No era una felicidad malvada, insidiosa. No te alegrabas de saber qué era exactamente la dama del castillo, cómo su ansia por dejar un legado la llevó a experimentar con moscas al margen de Miranda. No, no te alegraba su agonía, su enfermedad, la pérdida de un amor pasado. No te alegrabas de eso.

Lo que te causaba tremenda felicidad era comprobar por ti misma que tu intuición no se equivocó. Madre Miranda no era una Diosa salvadora, benevolente. No, desde luego que no. Tú lo sabías, casi desde el primer momento.

Te avergonzaste de sentir algo de simpatía por ella cuando la conociste. Pensabas que era una mujer piadosa, que vio en ti la mirada de la desidia, unos ojos que no tenían ganas de seguir luchando. Estabas tan equivocada... Esa mujer no deseaba ningún bien para nadie salvo para sí misma. Tú eras útil para ella, por eso vivías.

Con lo que Miranda no contaba era con que sus propias sospechas acerca de ti estaban en lo cierto, como si una parte de ella le gritara para que te perdonara la vida aquella noche.

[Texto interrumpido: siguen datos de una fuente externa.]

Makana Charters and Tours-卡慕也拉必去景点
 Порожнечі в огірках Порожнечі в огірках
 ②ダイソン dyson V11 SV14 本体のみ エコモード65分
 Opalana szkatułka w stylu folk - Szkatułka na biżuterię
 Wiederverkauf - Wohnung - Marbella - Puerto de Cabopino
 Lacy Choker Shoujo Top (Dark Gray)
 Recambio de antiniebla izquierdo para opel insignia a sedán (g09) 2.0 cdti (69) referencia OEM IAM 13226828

Aún había muchas cosas que desconocías, pero sí tenías una cosa clara. Ella era peligrosa y tú, Donna y puede que los demás, estabais atrapados en sus garras. Algunos por devoción, otros por desesperación, por considerar a esa bruja la salvadora de su alma, la que hizo que resurgieran de sus cenizas.

–Vamos a ver –dijiste susurrando, disfrutando de los pocos ratos de soledad de los que podías gozar cada mañana.

Donna estaba en su taller y Angie simplemente deambulaba por la casa cantando esos dichosos villancicos que por fin, os obligó a poner en el tocadiscos. Más de una vez.

No podías evitar seguir con los informes, poco a poco se convirtieron casi en una droga para ti. Arqueaste las cejas cuando leíste el siguiente nombre reconocible de la lista.

Karl H. Agosto de 1948

–A quién tenemos aquí... –murmuraste con una sonrisa satisfecha. Aún tenías rencor a ese hombre por el mal rato que pasaste en la fábrica. Pensar en ello te hacía tener escalofríos.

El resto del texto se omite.